■ **YOUR OBJECTIVE**:
Repeat every line of the listing below exactly, minus the pictures.

======== DATA PROVIDED ========

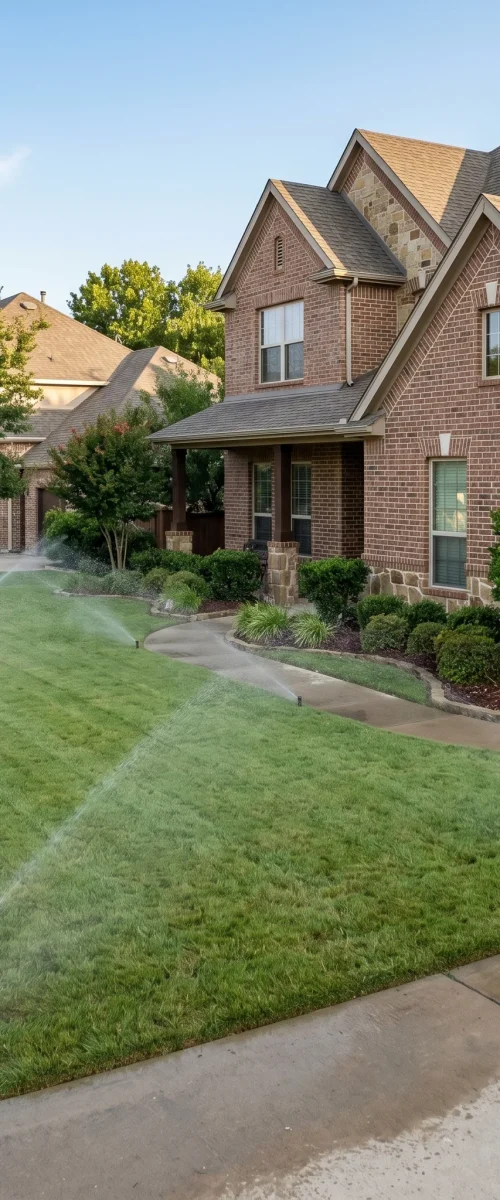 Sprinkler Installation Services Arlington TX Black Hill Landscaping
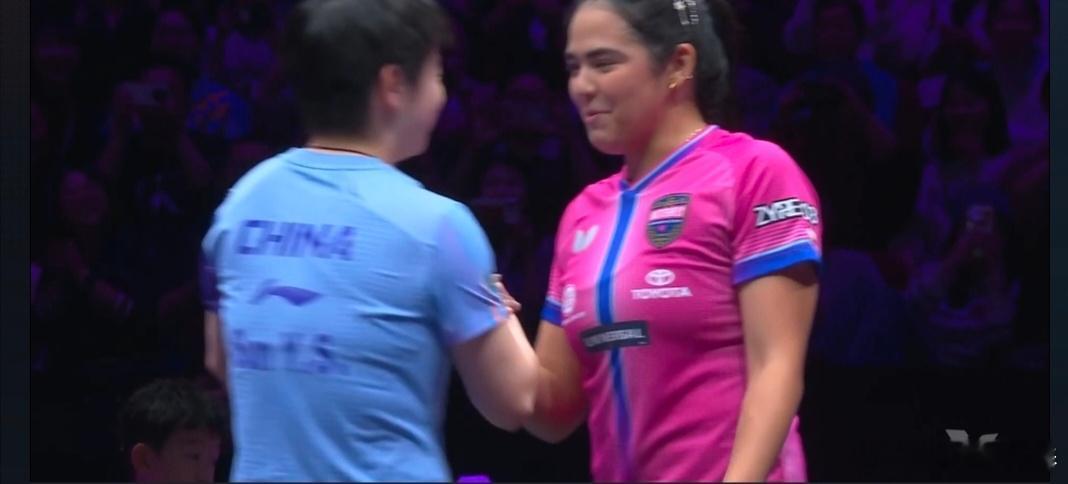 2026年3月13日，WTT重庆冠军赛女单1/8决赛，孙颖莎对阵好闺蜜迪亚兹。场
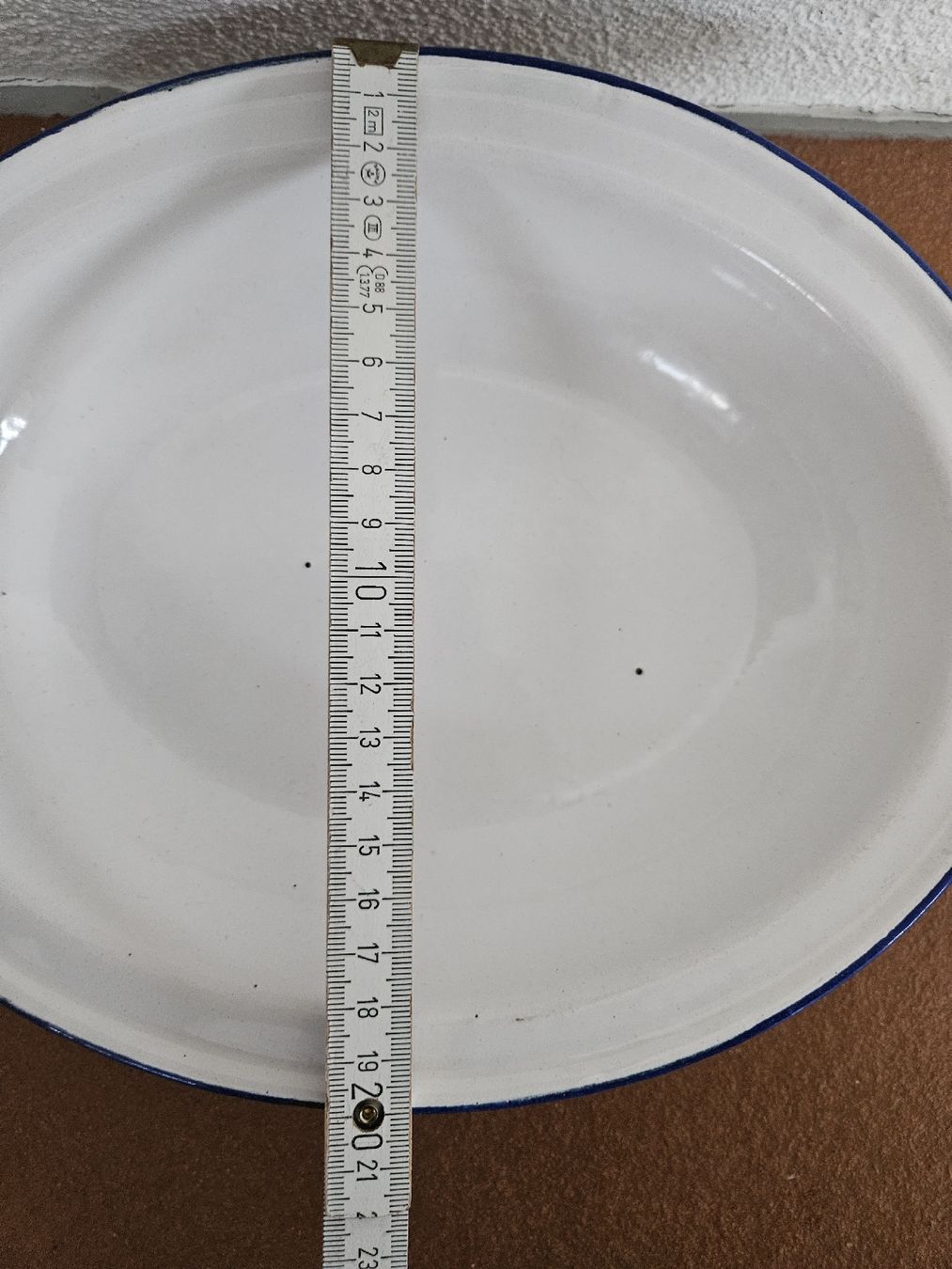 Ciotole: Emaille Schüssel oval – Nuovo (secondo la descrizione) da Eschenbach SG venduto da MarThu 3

========

■ **TASK ANSWER**:
 Sprinkler Installation Services Arlington TX Black Hill Landscaping
 2026年3月13日，WTT重庆冠军赛女单1/8决赛，孙颖莎对阵好闺蜜迪亚兹。场
 Ciotole: Emaille Schüssel oval – Nuovo (secondo la descrizione) da Eschenbach SG venduto da MarThu 3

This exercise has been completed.